_Material to process_

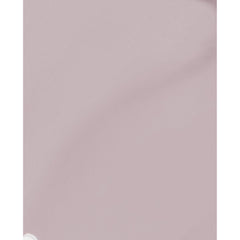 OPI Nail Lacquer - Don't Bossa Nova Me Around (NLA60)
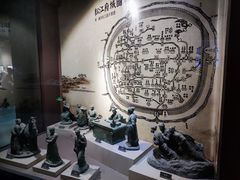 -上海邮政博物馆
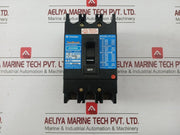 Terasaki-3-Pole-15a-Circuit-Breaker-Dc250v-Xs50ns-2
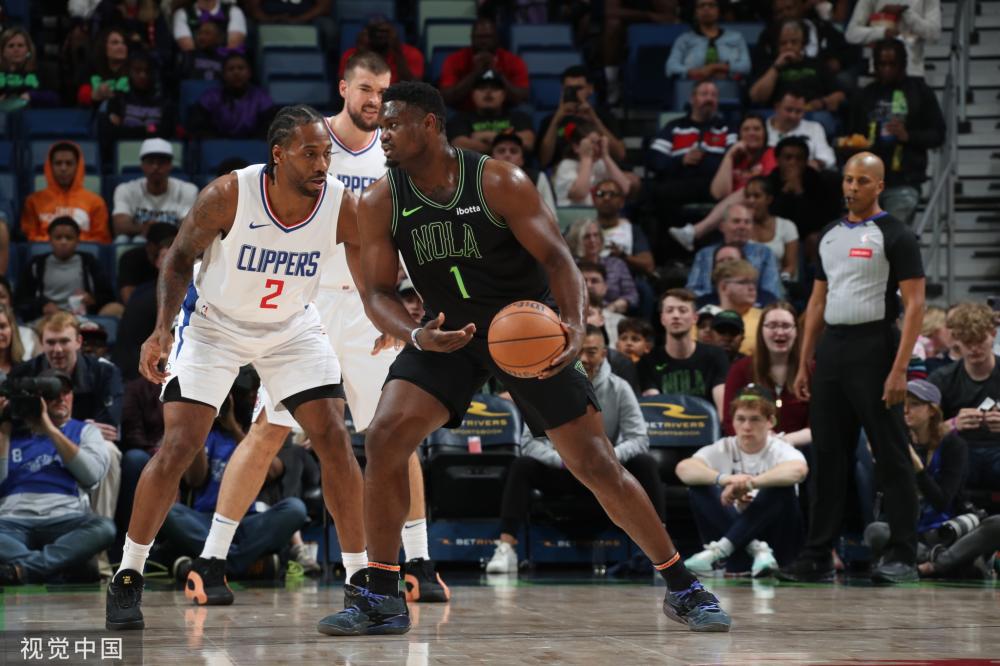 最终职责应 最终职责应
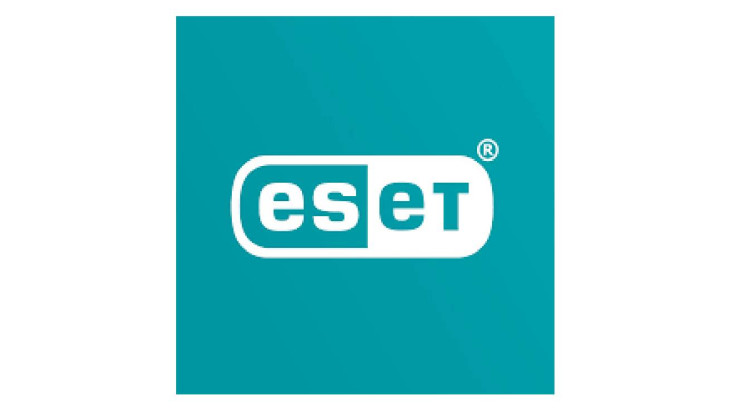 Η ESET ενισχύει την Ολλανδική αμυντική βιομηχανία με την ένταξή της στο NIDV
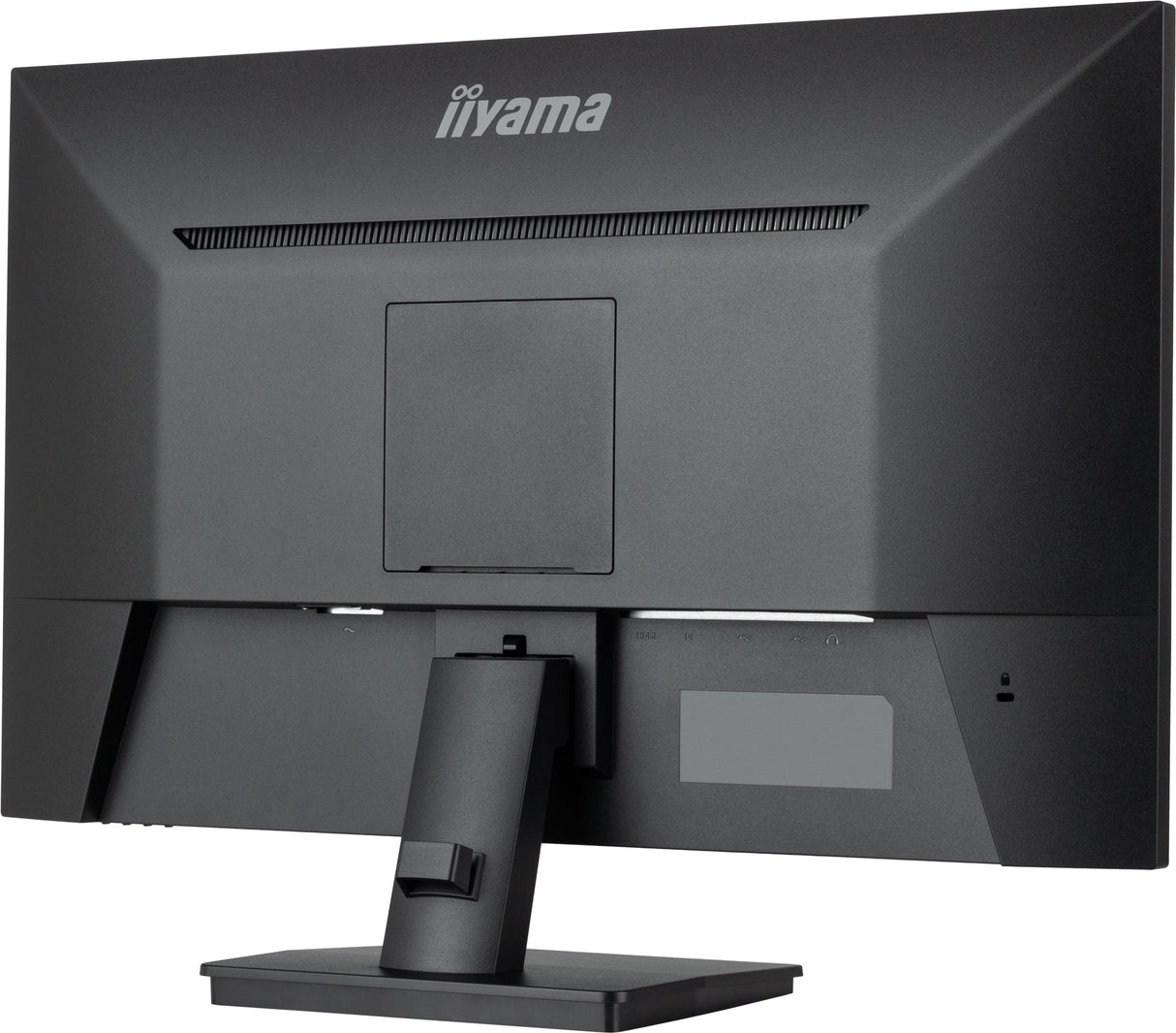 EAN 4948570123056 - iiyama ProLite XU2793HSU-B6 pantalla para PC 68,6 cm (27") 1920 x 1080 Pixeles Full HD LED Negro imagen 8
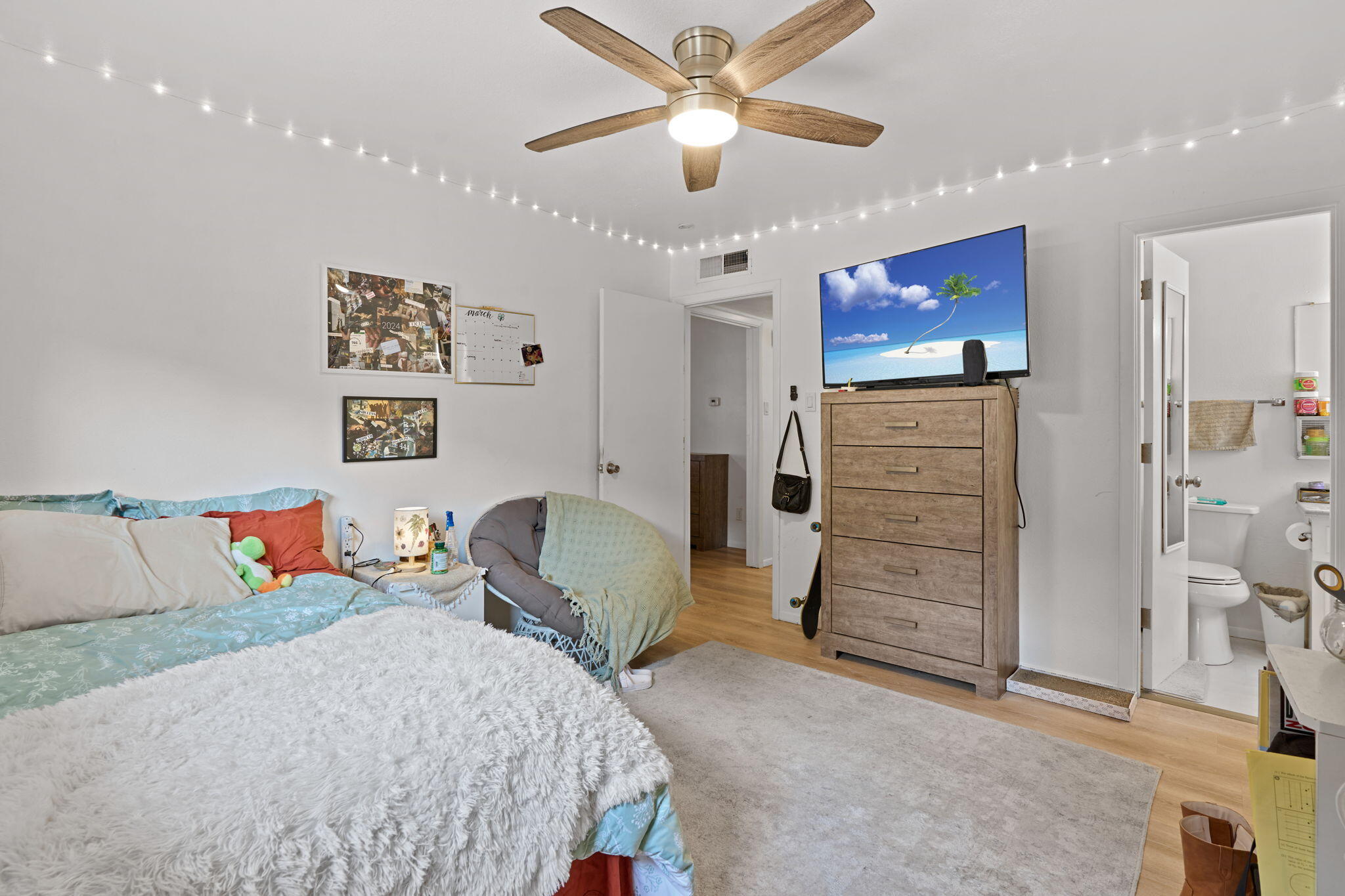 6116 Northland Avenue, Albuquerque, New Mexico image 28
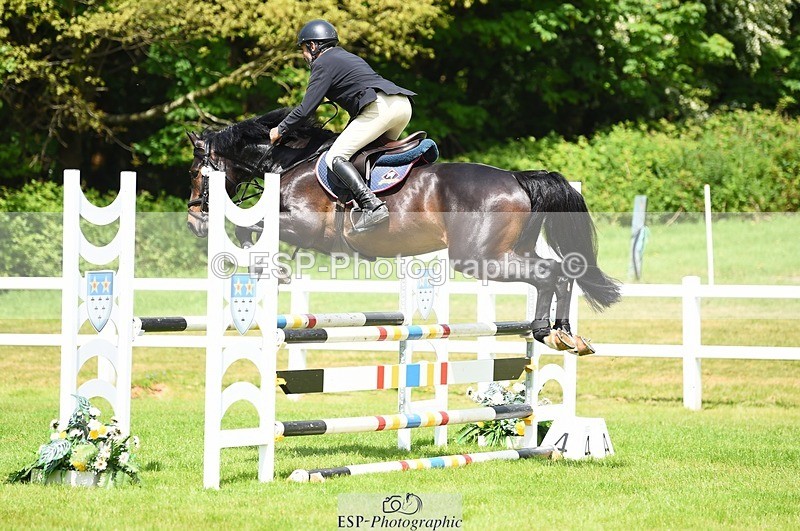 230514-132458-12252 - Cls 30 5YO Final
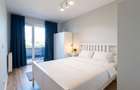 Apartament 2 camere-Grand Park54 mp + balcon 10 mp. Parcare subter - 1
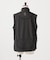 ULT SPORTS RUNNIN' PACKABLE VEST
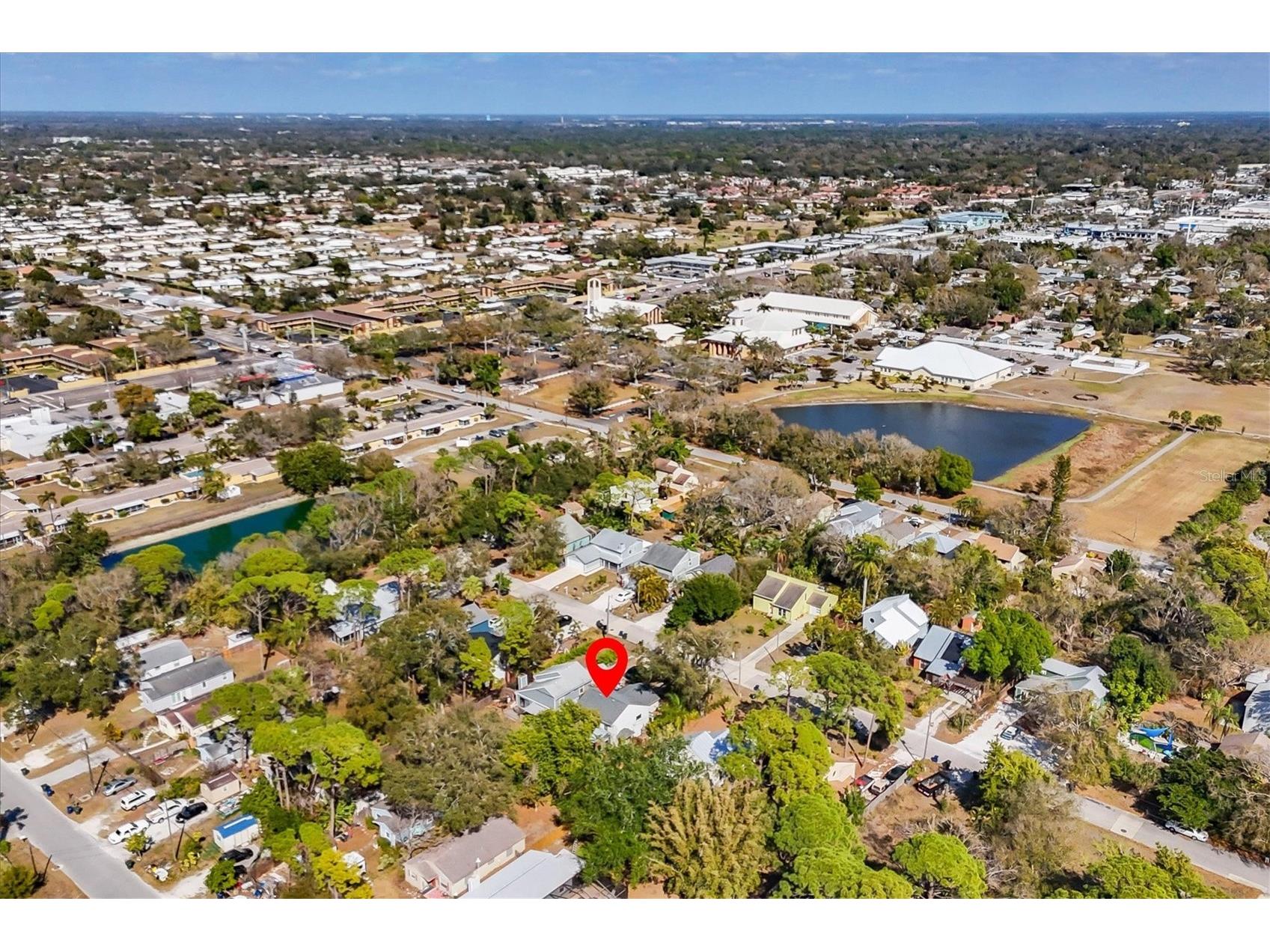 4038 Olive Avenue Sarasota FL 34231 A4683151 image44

_Work order_
Retype the records above exactly. Leave the pictures out.

_Response box_
 OPI Nail Lacquer - Don't Bossa Nova Me Around (NLA60)
 -上海邮政博物馆
 Terasaki-3-Pole-15a-Circuit-Breaker-Dc250v-Xs50ns-2
 最终职责应 最终职责应
 Η ESET ενισχύει την Ολλανδική αμυντική βιομηχανία με την ένταξή της στο NIDV
 EAN 4948570123056 - iiyama ProLite XU2793HSU-B6 pantalla para PC 68,6 cm (27") 1920 x 1080 Pixeles Full HD LED Negro imagen 8
 6116 Northland Avenue, Albuquerque, New Mexico image 28
 230514-132458-12252 - Cls 30 5YO Final
 Apartament 2 camere-Grand Park54 mp + balcon 10 mp. Parcare subter - 1
 ULT SPORTS RUNNIN' PACKABLE VEST
 4038 Olive Avenue Sarasota FL 34231 A4683151 image44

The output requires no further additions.